## Problem:
Only the lines from the one with "Used 2021 Mercedes-Benz GLC 300 image 4" through the end of the data below belong in the answer, restated word for word, pictures excluded.

## Data:

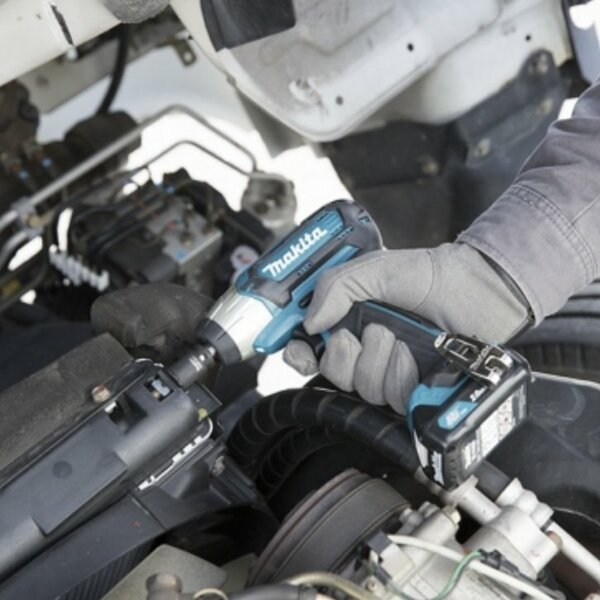 Makita TW140DZ 10,8V Li-Ion Accu Slagmoersleutel Body - 140Nm - 3/8" - Detailed view of the product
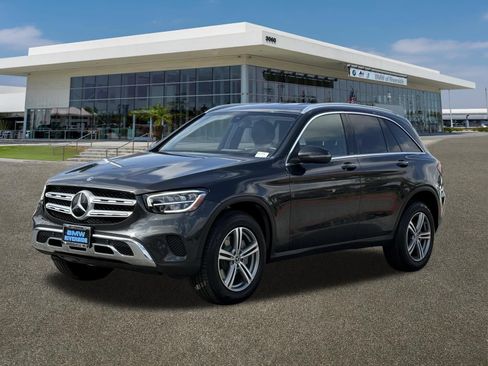 Used 2021 Mercedes-Benz GLC 300 image 4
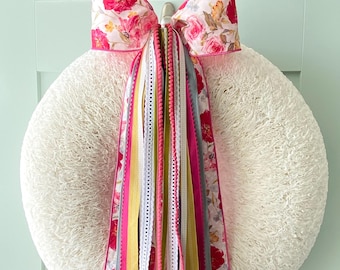 Conjunto de cintas florales para corona con lazo y clip metálico.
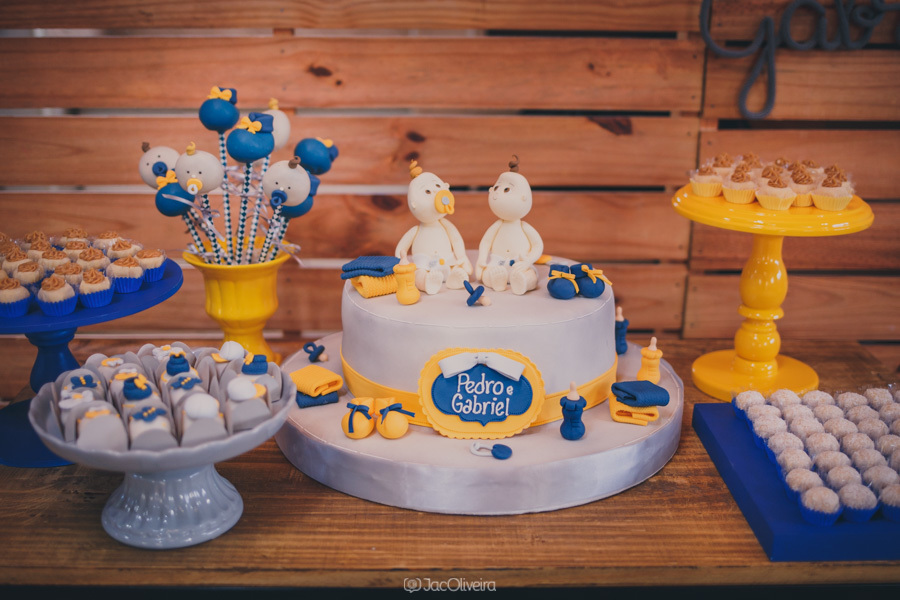 decoração chá de bebê gêmeos amarelo e azul bolo fake lis fonseca porto alegre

## Exercise answer:
 Used 2021 Mercedes-Benz GLC 300 image 4
 Conjunto de cintas florales para corona con lazo y clip metálico.
 decoração chá de bebê gêmeos amarelo e azul bolo fake lis fonseca porto alegre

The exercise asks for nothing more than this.